The classic question — and the answer depends on the size and vibe of your wedding.
| Hire a pro | Ask a friend | |
|---|---|---|
| Upside | Great pacing, handles surprises, polished voice and delivery | Warm, personal, knows the couple, saves money |
| Watch out for | Costs money, may not know your personal stories | Nerves, missed cues if they don't rehearse |
| Best for | Big weddings, lots of cues, many elders/sponsors | Small weddings, relaxed atmosphere |
A middle path many couples take: hire a pro to run the main cues, and bring a close friend up for the "tell the couple's story" moment. You get both the polish and the warmth.
If a friend is going to MC, pick the one who "can speak in front of a crowd without freezing" first — that matters more than the funniest person. The night needs someone who can keep the pace, not just get laughs.
Build a run-of-show script for your MC
Whether you hire or ask a friend, the one thing you can't skip is a run-of-show script that says what happens when. A typical reception outline:
- Open and welcome guests
- Grand entrance for the couple
- Blessing from the guest of honour / elders
- Cake cutting + champagne pour
- Speeches from friends and family
- Bouquet toss / fun activity
- Couple's thank-you + send-off
The script should include names spelled and pronounced correctly, the titles of people being invited up, and anything off-limits to say (an ex, a joke the family won't love). Give your MC all of it. If you don't have a full-day timeline yet, read the wedding ceremony run-of-show alongside this.
One rehearsal goes a long way
If you can, have your MC run the cues with the team at least once before the day — especially the handoffs between segments: who cues the music, who lights the stage, where the next speaker sits. A rehearsal reveals the spots that might stall so you can fix them in time.
Don't forget to sync with your sound, music, and photo teams too, since the MC cues everything. Want ideas for entrance and background tracks? See wedding songs.

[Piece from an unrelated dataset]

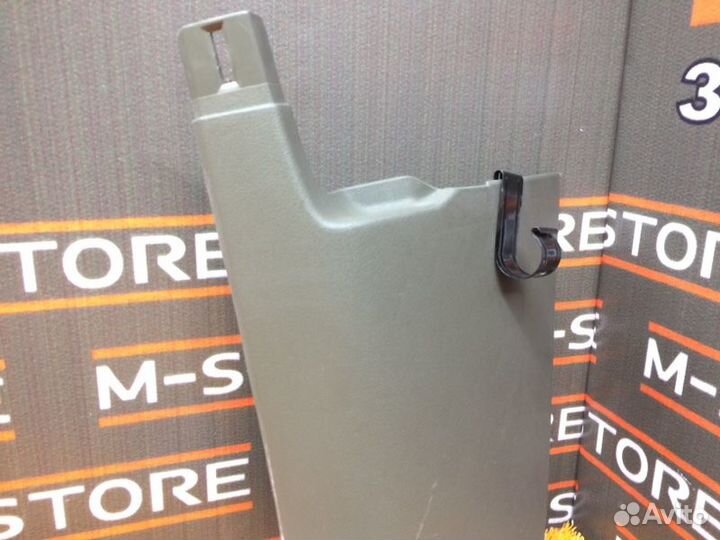 Накладка на порог салона передняя левая Audi Q5 8R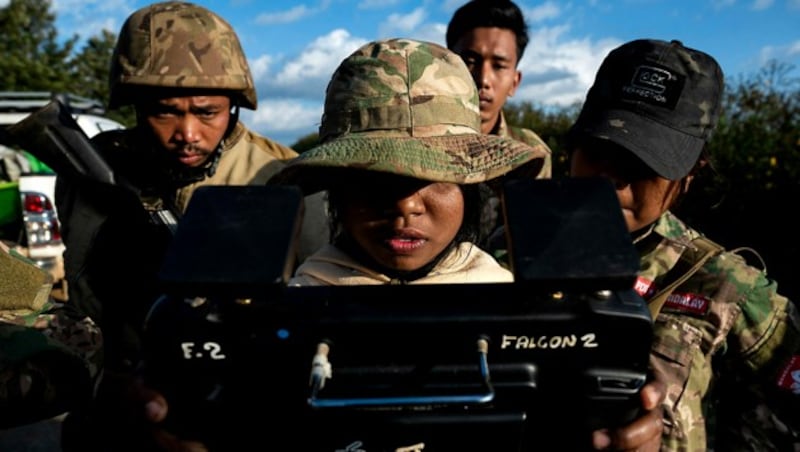 Die Rebellen in Myanmar setzen bei ihrem Kampf gegen die Militärjunta auch auf Drohnen. (Bild: APA/AFP/STR)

Let Wedly hand your MC the cues
A good MC lives on a clear timeline. Wedly lets you build a day run-down with times, the details of each cue, and your ceremony team (who does what, plus contact info), then share it so your MC and the whole crew see the same plan. When everyone reads the same cues, the night flows and nobody drops the ball.
Plan your whole wedding in one app
Wrapping up
A great wedding MC is someone who can control the pace and handle surprises. Whether you hire a pro or ask a friend, all you really need is a clear run-of-show script and one rehearsal. Do that, and the reception flows from the first welcome to the send-off — guests have fun, and you never have to wonder "what happens next?"
Want the whole day tight? Read the wedding run-of-show and the planning checklist next.
Frequently asked questions
Do I need to hire a professional MC?
Not always. For a small, relaxed wedding a confident friend can do it beautifully. But for a big reception with lots of cues, many elders, or formal segments, a pro will control the pace and handle surprises far better.
How much does a wedding MC cost?
Professionals range from modest to premium per event, depending on their reputation, experience, the length of the reception, and whether they also write the script and rehearse. Some are already bundled into an organiser package.
What should I give my MC before the day?
Share the full run-of-show, the list of people going on stage or giving toasts, names spelled and pronounced correctly, the couple's story, and anything that's off-limits to say. The more your MC knows, the smoother it runs.
Can a friend be the wedding MC?
Absolutely — and it's often warm and personal. Just pick someone who can speak in front of a crowd without freezing, give them a clear script, and rehearse the real run-of-show at least once so there are no dead air or missed cues.